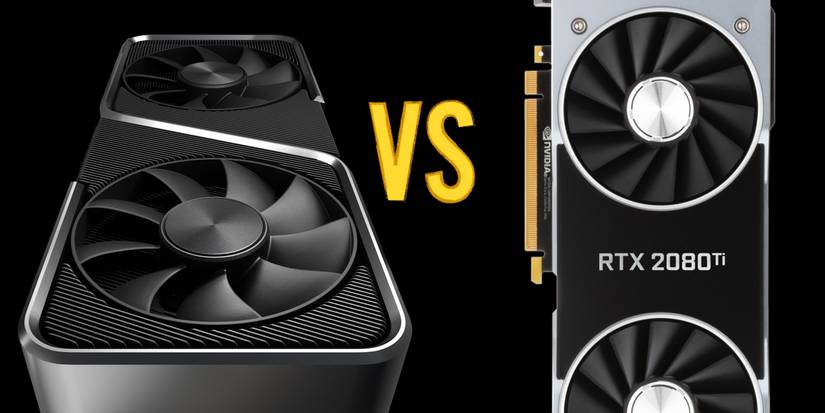 RTX 3070 versus RTX 2080 Ti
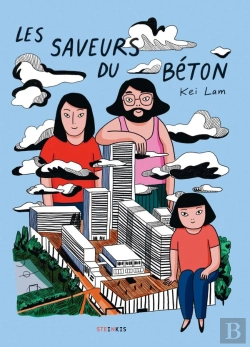 Bertrand.pt - Les Saveurs Du Béton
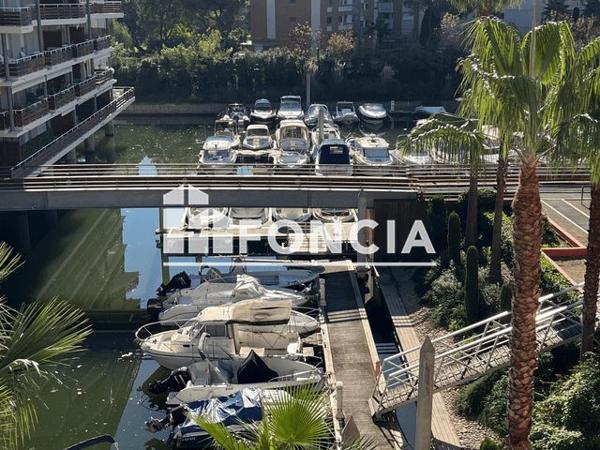 À vendre Appartement 2 pièces 48 m² - Mandelieu-la-napoule 06210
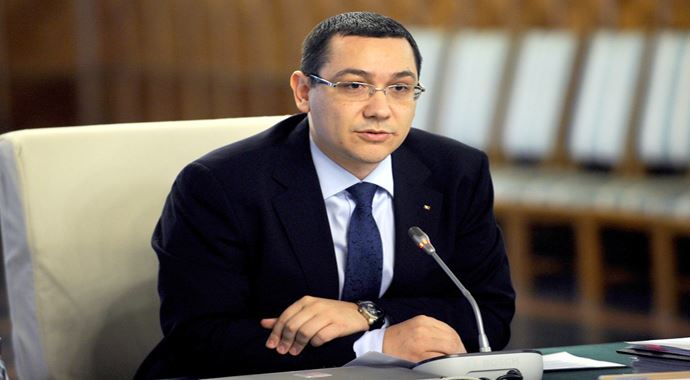 Romanya Başbakanı Victor Ponta, Ankara'da Romanya Başbakanı Victor Ponta, Ankara'da
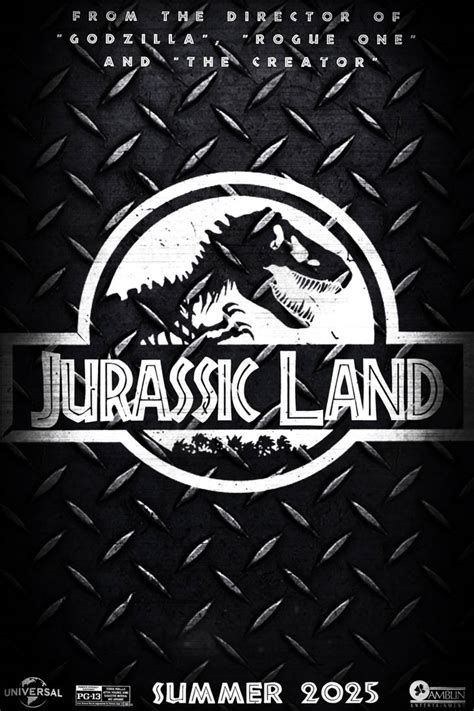 Jurassic Land By Tristanhartup On Deviantart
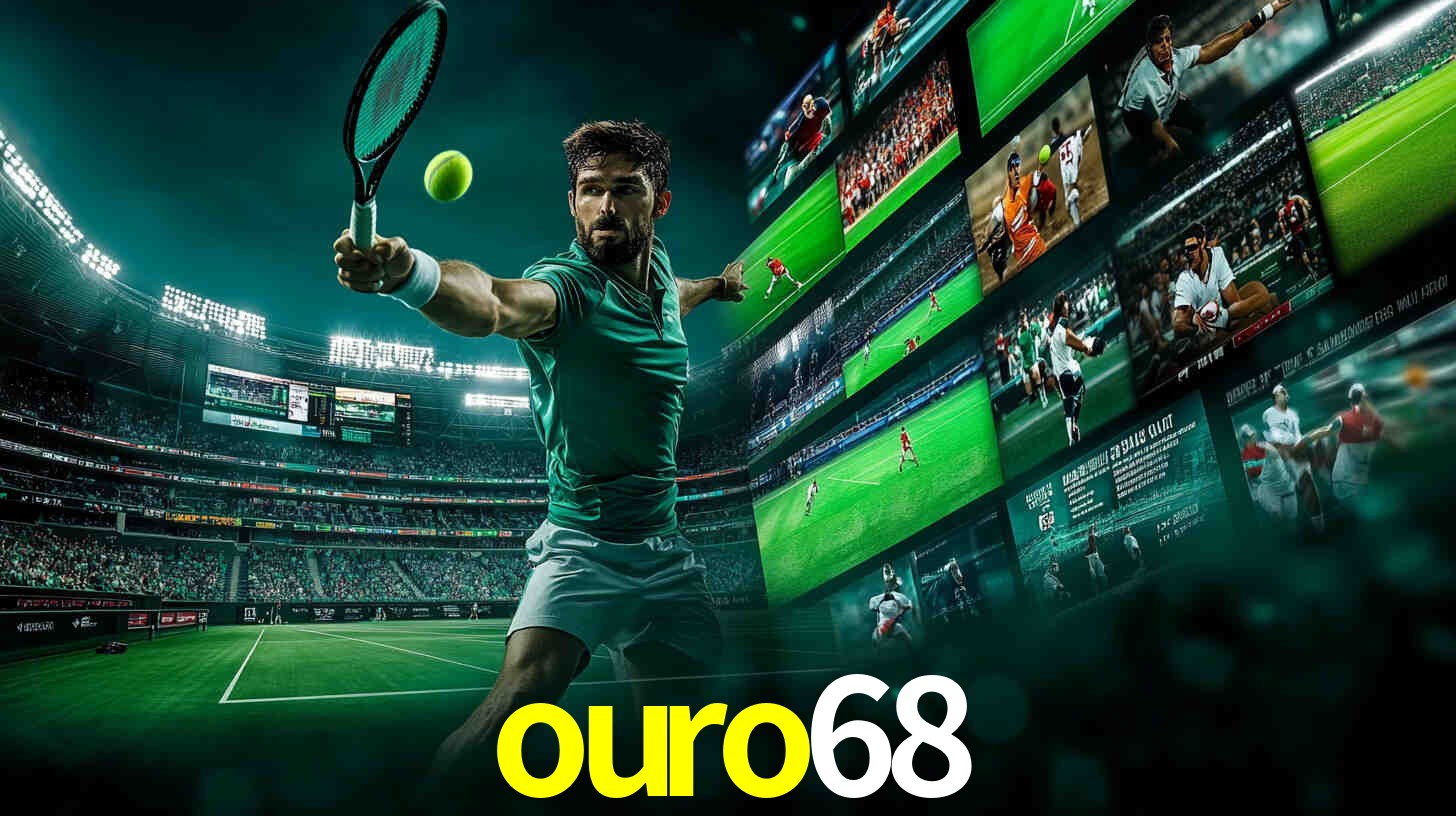 Explorando a Categoria de Eventos em Apostas na ouro68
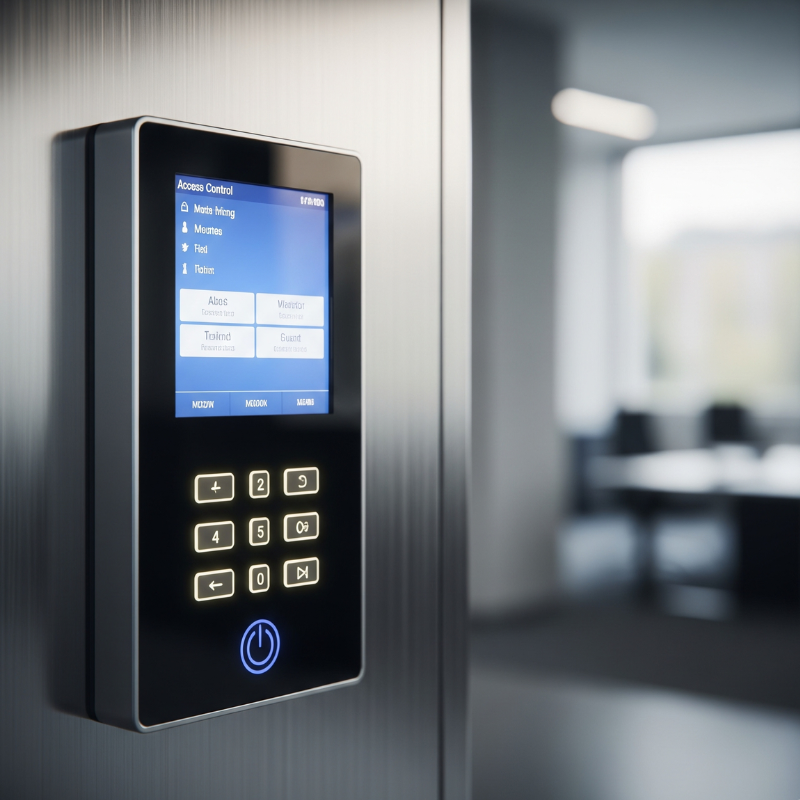 Access Control Controller power supply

> **WHAT THE EXERCISE ASKS**: Please repeat all of the entries above word for word, but drop any pictures.

> **ANSWER SECTION**:
 RTX 3070 versus RTX 2080 Ti
 Bertrand.pt - Les Saveurs Du Béton
 À vendre Appartement 2 pièces 48 m² - Mandelieu-la-napoule 06210
 Romanya Başbakanı Victor Ponta, Ankara'da Romanya Başbakanı Victor Ponta, Ankara'da
 Jurassic Land By Tristanhartup On Deviantart
 Explorando a Categoria de Eventos em Apostas na ouro68
 Access Control Controller power supply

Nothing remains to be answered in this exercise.